WASHINGTON, June 22 (Reuters) - Scientists studying the comet ‌3I/ATLAS have determined that this interstellar visitor is remarkably ancient – formed an estimated 10 to 12 billion years ago in ​a primordial planetary system – and has a composition unlike anything in our solar system.

An evaluation of the chemical make-up of 3I/ATLAS – only the third interstellar object ever spotted in the solar system – provided guidance about the ⁠physical and chemical conditions in the planetary system where it formed, the researchers said.

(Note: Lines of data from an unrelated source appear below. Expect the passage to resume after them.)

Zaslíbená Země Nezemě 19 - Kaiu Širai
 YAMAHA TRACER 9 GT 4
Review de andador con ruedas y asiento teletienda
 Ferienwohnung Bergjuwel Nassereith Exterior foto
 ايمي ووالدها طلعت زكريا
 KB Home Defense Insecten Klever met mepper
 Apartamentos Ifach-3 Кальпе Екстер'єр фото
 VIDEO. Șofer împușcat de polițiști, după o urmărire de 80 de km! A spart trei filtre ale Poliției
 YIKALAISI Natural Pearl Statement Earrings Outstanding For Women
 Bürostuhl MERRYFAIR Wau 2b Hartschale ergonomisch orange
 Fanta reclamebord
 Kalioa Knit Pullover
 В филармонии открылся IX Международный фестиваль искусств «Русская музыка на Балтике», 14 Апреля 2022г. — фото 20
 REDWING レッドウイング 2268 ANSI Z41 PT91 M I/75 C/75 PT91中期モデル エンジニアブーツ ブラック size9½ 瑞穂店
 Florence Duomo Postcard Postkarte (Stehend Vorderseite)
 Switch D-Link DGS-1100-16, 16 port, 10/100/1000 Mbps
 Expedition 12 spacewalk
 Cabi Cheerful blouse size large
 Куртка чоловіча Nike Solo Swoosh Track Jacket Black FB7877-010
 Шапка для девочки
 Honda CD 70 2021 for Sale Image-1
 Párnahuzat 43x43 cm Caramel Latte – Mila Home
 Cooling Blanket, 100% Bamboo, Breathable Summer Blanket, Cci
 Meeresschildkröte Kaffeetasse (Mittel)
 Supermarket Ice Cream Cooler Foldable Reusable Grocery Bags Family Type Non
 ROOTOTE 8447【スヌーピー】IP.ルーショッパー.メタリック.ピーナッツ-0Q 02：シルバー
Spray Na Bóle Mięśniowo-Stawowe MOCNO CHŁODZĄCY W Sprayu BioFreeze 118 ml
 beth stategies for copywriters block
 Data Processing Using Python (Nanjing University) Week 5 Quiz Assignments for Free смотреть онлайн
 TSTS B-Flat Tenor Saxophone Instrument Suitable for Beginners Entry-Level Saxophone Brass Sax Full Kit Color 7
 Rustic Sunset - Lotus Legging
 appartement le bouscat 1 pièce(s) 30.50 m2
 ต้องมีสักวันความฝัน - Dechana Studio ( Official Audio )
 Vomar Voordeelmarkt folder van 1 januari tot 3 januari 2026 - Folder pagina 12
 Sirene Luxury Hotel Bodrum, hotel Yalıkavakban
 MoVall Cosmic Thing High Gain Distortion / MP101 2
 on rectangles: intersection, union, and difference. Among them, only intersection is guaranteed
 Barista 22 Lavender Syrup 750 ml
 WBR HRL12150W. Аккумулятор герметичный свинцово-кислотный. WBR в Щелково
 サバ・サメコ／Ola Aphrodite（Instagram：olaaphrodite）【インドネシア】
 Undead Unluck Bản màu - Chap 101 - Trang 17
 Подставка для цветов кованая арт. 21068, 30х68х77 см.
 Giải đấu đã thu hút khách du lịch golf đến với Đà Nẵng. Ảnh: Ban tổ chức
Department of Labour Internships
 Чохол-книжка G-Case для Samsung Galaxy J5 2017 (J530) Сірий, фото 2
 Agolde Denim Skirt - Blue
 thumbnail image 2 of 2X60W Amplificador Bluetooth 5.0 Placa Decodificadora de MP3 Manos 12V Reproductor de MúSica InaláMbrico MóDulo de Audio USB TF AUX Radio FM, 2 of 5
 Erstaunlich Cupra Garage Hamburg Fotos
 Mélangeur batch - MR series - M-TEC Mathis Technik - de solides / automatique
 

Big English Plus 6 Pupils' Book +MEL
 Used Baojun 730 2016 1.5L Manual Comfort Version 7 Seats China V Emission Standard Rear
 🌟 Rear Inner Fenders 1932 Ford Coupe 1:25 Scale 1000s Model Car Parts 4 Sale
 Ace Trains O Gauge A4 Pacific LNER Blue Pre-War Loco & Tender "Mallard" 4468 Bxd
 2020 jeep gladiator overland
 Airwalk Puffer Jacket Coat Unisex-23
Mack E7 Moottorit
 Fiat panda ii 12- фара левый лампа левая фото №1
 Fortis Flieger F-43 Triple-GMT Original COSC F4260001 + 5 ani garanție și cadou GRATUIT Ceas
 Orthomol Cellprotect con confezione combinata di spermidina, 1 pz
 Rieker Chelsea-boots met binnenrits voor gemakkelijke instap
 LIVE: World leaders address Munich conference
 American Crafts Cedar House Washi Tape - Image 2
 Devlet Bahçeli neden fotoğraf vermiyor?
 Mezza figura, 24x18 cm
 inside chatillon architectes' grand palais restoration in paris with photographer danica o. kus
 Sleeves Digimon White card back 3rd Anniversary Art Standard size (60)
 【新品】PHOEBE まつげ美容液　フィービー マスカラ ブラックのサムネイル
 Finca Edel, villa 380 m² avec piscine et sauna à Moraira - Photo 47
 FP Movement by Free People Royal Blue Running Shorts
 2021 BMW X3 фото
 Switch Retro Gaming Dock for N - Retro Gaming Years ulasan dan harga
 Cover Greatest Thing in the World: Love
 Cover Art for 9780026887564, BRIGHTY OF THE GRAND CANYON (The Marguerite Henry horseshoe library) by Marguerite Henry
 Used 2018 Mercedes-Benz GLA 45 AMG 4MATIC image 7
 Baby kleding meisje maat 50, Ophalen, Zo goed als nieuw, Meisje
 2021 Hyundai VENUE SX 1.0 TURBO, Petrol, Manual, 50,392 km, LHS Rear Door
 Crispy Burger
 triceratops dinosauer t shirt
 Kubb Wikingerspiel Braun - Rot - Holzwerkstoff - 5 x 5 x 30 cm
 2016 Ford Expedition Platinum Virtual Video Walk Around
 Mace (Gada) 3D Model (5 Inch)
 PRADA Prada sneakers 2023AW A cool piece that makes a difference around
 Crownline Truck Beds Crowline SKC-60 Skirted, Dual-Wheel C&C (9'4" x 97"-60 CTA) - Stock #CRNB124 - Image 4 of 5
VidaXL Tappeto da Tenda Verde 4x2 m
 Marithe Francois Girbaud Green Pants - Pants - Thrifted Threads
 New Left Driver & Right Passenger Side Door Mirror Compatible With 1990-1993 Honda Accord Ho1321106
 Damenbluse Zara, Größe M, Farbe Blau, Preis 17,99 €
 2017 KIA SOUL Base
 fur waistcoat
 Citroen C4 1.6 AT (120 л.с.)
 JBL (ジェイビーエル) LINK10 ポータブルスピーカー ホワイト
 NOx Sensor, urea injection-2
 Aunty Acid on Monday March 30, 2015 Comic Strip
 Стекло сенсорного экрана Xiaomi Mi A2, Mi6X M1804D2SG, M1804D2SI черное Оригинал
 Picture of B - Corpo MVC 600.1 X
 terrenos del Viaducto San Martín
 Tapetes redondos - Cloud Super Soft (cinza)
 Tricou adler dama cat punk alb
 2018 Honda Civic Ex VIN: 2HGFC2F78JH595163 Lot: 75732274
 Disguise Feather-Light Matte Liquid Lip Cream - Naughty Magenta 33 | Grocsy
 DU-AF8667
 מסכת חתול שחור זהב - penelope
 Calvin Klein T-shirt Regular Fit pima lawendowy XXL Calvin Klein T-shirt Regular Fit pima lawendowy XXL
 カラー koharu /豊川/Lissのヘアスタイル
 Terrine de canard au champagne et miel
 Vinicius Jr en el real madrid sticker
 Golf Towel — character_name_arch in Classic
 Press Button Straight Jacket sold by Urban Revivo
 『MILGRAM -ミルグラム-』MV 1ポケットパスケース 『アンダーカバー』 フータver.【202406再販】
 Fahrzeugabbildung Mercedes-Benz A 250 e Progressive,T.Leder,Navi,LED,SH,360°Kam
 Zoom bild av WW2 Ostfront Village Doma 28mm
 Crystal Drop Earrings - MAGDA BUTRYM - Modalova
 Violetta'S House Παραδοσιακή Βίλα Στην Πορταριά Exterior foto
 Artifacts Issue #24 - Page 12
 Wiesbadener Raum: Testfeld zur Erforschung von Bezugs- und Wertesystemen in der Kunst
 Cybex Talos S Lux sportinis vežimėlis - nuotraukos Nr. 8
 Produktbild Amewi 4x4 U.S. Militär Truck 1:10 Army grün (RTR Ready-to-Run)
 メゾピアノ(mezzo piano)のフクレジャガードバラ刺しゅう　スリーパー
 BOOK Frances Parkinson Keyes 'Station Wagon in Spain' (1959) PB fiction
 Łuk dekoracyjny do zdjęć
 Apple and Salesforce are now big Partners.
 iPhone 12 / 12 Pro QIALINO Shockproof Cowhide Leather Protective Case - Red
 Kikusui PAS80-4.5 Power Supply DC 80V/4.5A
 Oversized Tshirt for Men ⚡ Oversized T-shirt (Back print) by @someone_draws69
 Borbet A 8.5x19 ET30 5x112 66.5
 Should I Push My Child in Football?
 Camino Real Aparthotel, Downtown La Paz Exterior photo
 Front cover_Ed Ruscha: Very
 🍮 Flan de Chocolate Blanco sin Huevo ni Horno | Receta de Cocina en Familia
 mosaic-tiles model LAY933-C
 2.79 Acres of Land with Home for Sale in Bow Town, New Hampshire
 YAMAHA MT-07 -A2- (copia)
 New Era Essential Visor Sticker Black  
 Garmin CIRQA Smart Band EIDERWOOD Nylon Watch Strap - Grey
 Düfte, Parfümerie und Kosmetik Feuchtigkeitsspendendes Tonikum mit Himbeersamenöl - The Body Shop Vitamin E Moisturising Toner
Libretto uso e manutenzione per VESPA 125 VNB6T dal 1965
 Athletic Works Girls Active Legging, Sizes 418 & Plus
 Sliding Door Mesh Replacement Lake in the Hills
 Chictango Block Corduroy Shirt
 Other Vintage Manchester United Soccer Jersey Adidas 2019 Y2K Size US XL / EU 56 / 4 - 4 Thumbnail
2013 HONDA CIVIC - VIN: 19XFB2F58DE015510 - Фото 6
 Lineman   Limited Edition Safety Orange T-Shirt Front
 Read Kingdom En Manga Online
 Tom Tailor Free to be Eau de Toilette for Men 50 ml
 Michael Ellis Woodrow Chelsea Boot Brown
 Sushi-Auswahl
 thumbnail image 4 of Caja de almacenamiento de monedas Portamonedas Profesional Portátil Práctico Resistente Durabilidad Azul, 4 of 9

The comet, which has a diameter of around 1.6 miles (2.6 km), is probably the oldest-known object to venture through the solar system, according to Martin Cordiner, a planetary scientist and astrochemist working at NASA's Goddard Space Flight Center in Greenbelt, Maryland and lead author of the ​study published on Monday in the journal Nature.

The researchers said that 3I/ATLAS appears to have been born in a much colder environment – roughly minus-405 degrees Fahrenheit (minus-243 degrees Celsius) – than the one in which Earth and ‌other bodies in our solar system formed roughly 4.5 billion years ago. They said it has traveled a vast distance since it was somehow expelled from its home planetary system.

"We have never before seen an object like 3I/ATLAS," Cordiner said.

The researchers measured the ratio of isotopes – different versions of chemical elements such as hydrogen and carbon – observed on 3I/ATLAS using the ⁠James Webb Space Telescope.

Its hydrogen isotopes offered evidence about temperature and radiation in the environment in which 3I/ATLAS formed. Its carbon isotope ratios offered ⁠clues about the composition of the interstellar gas cloud that gave rise to 3I/ATLAS and its home planetary system.

The comet's water contained about 30 times more deuterium - a hydrogen isotope – than other comets in the solar system. Its carbon isotope ratios differed from those seen in objects in the solar system and in interstellar clouds and planet-forming disks of material around newborn stars relatively nearby.

Cordiner said 3I/ATLAS likely is a fragment left over from the planetary formation process around another star.

"Our James Webb Space Telescope observations tell us that the planet-forming ‌environment of 3I/ATLAS's host system was distinct from our own solar system. It was likely colder, and less metal rich, while being more heavily irradiated by UV and ⁠cosmic rays," Cordiner said.

'ELEMENTS FOR LIFE'

Nevertheless, 3I/ATLAS is rich in organic molecules including those bearing carbon, hydrogen, nitrogen, oxygen and sulfur. ‌This, according to Cordiner, "shows that despite a cold and distant origin, the volatile elements for life as we ​know it were abundant in this distant planet-forming disk."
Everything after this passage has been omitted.